* Task description
Once you find the line below that has "A group of people", output it and every line after it exactly, stopping after the line that has "protects against drops.", with no pictures.

----

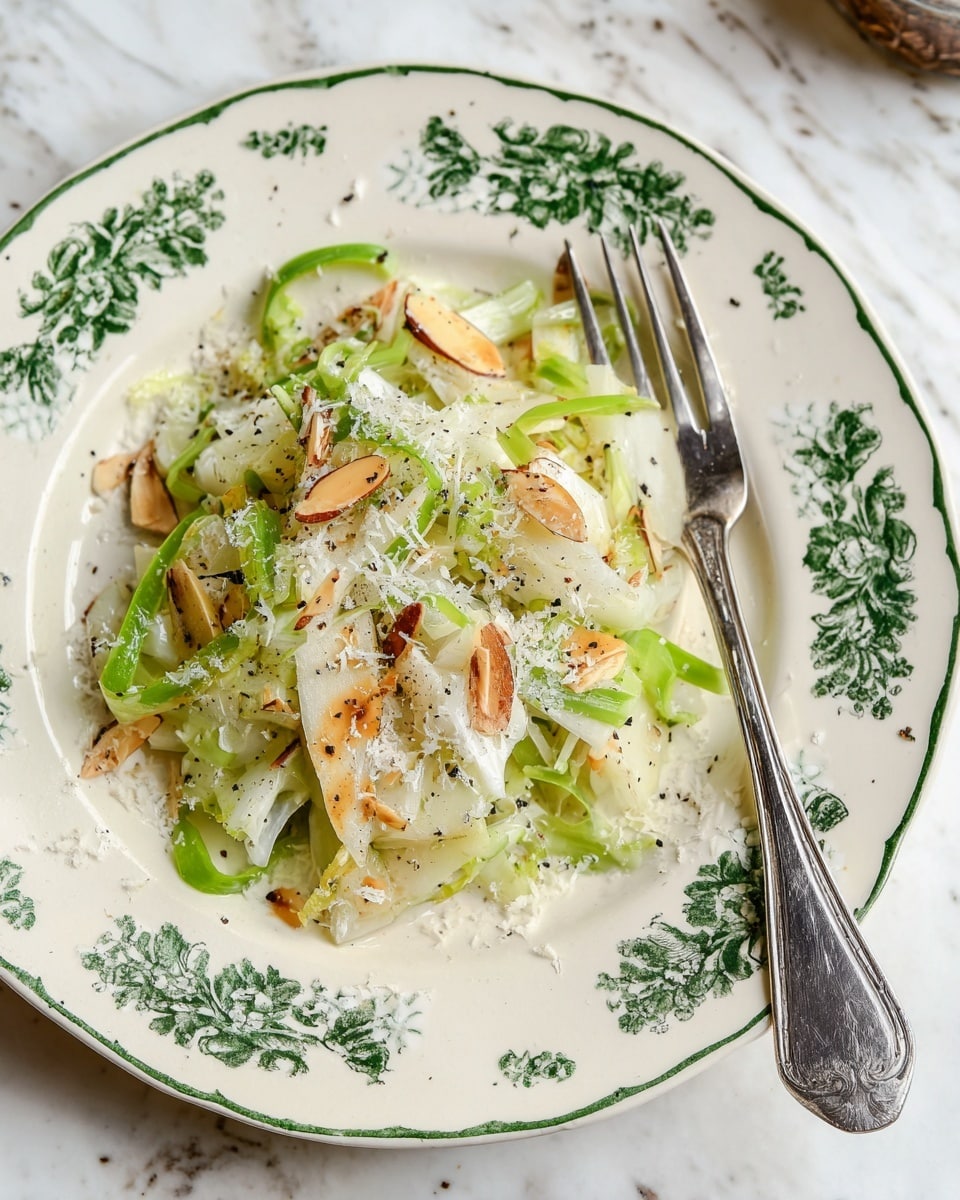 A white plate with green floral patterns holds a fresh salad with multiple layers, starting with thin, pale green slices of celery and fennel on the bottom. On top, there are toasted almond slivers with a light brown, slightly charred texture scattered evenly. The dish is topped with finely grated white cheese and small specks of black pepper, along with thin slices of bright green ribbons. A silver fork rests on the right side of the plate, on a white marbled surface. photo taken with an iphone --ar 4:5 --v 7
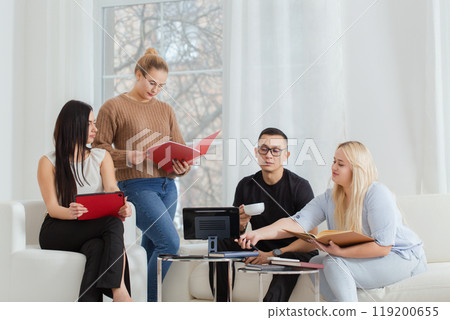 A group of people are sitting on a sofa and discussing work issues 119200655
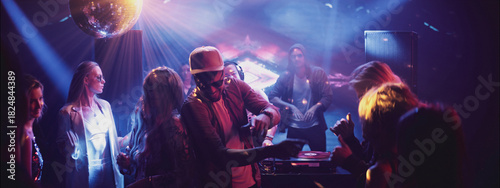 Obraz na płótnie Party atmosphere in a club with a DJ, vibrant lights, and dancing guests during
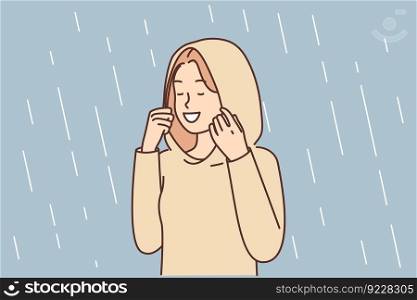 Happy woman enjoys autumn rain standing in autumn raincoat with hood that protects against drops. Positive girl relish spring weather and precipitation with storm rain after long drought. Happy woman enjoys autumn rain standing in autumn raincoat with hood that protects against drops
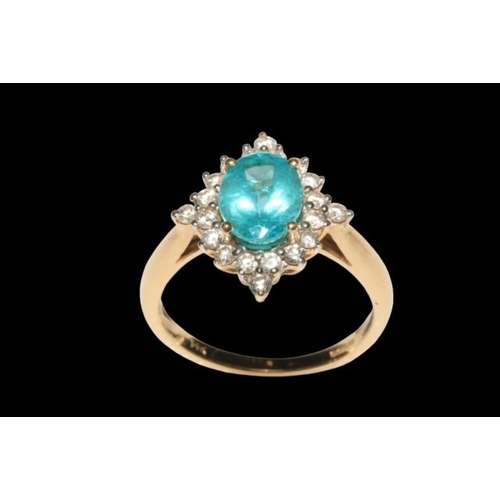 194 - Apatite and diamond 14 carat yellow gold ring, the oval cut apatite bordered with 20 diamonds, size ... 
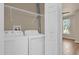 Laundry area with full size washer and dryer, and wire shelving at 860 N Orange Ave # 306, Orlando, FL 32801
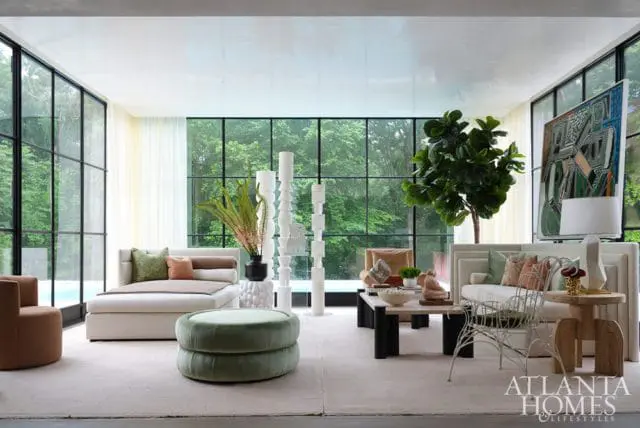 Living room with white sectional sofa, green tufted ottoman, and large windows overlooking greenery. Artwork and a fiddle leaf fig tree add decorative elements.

----

* Solution for this problem
 A group of people are sitting on a sofa and discussing work issues 119200655
 Obraz na płótnie Party atmosphere in a club with a DJ, vibrant lights, and dancing guests during
 Happy woman enjoys autumn rain standing in autumn raincoat with hood that protects against drops. Positive girl relish spring weather and precipitation with storm rain after long drought. Happy woman enjoys autumn rain standing in autumn raincoat with hood that protects against drops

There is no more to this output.